Sameer Mathur
patientID <- c(1, 2, 3, 4, 5, 6)
age <- c(25, 34, 28, 52, 34, 64)
diabetes <- c("Type1", "Type2", "Type1", "Type1", "Type2", "Type1")
status <- c("Poor", "Improved", "Excellent", "Poor", "Improved", "Excellent")

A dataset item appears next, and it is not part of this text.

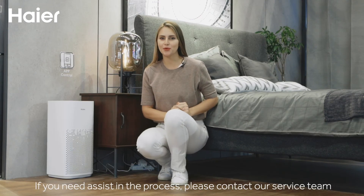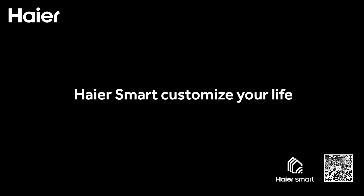If you need assistance during the process, please contact our service team. Hiya Smart, customize your life.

patientdata <- data.frame(patientID, age, diabetes, status)
patientdata
patientID age diabetes status
1 1 25 Type1 Poor
2 2 34 Type2 Improved
3 3 28 Type1 Excellent
4 4 52 Type1 Poor
5 5 34 Type2 Improved
6 6 64 Type1 Excellent
# structure of the patientdata
str(patientdata)
'data.frame': 6 obs. of 4 variables:
$ patientID: num 1 2 3 4 5 6
$ age : num 25 34 28 52 34 64
$ diabetes : Factor w/ 2 levels "Type1","Type2": 1 2 1 1 2 1
$ status : Factor w/ 3 levels "Excellent","Improved",..: 3 2 1 3 2 1
# summary
summary(patientdata)
patientID age diabetes status
Min. :1.00 Min. :25.0 Type1:4 Excellent:2
1st Qu.:2.25 1st Qu.:29.5 Type2:2 Improved :2
Median :3.50 Median :34.0 Poor :2
Mean :3.50 Mean :39.5
3rd Qu.:4.75 3rd Qu.:47.5
Max. :6.00 Max. :64.0
# structure of mtcars
data(mtcars)
str(mtcars)
'data.frame': 32 obs. of 11 variables:
$ mpg : num 21 21 22.8 21.4 18.7 18.1 14.3 24.4 22.8 19.2 ...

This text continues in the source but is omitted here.